## [Exercise]
Look through the data below and output, unchanged, every line from the one holding "La Falaise Blanche Rosé" through the one holding "Shure SRH1840 Open-Back", inclusive. Skip the pictures.

## [Data for this task]
————

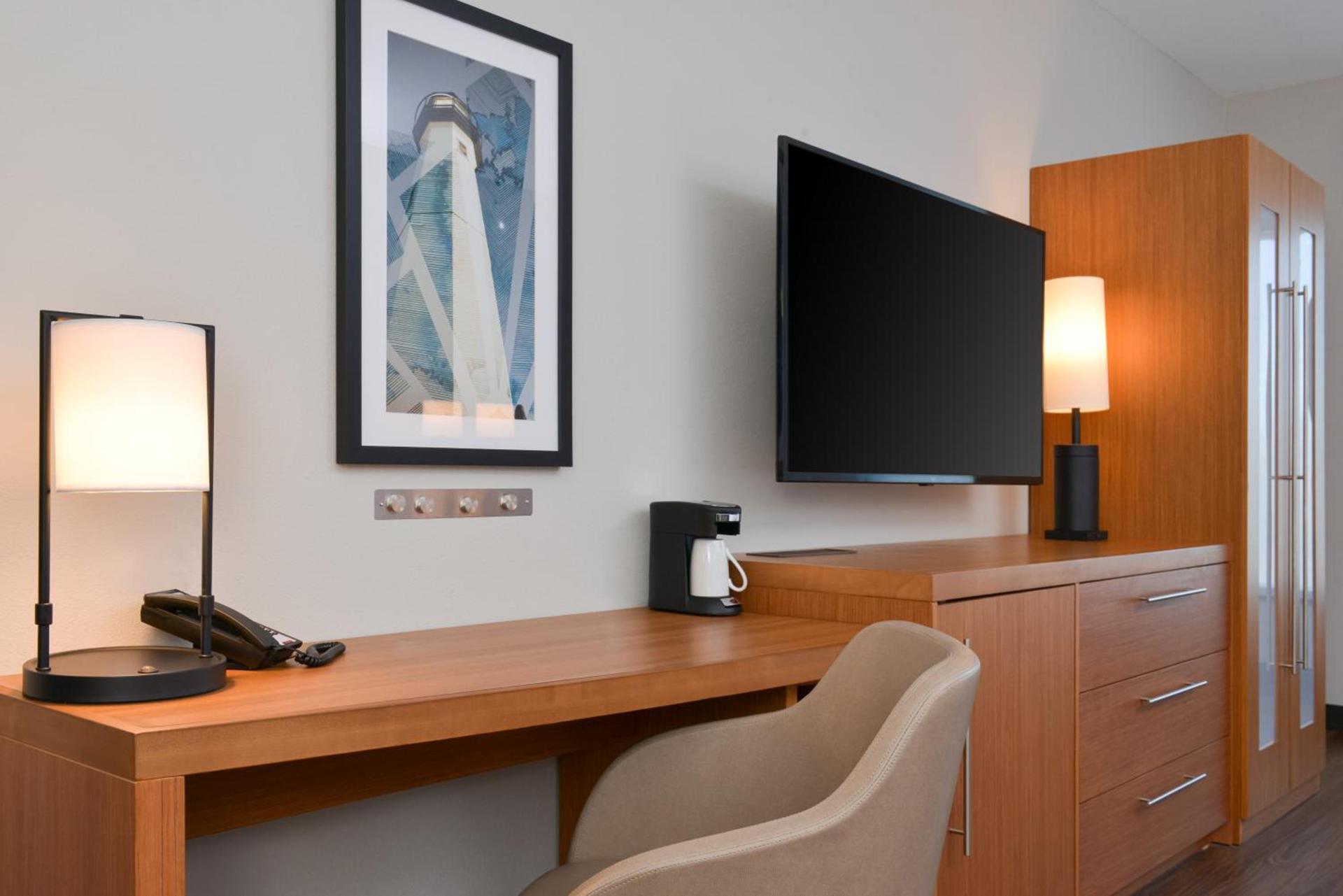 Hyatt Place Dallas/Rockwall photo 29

————

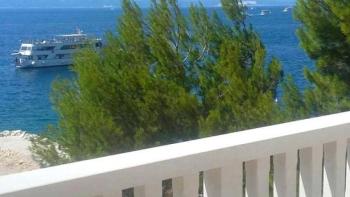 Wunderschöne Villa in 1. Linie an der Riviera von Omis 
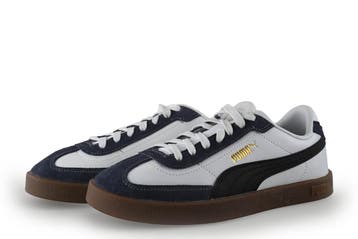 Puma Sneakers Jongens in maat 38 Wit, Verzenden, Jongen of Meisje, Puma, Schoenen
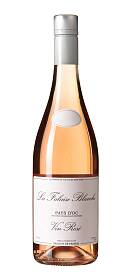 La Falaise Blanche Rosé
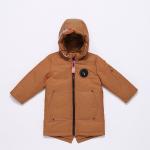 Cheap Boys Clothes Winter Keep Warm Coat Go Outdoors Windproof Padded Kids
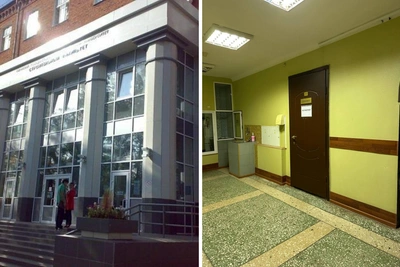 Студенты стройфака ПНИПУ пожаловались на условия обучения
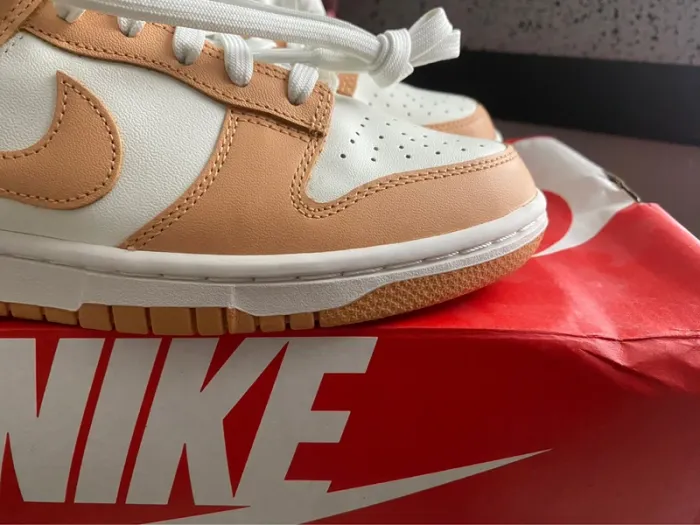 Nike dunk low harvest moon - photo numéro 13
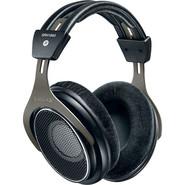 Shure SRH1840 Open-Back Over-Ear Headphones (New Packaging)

————

## [Output of the exercise]
 La Falaise Blanche Rosé
 Cheap Boys Clothes Winter Keep Warm Coat Go Outdoors Windproof Padded Kids
 Студенты стройфака ПНИПУ пожаловались на условия обучения
 Nike dunk low harvest moon - photo numéro 13
 Shure SRH1840 Open-Back Over-Ear Headphones (New Packaging)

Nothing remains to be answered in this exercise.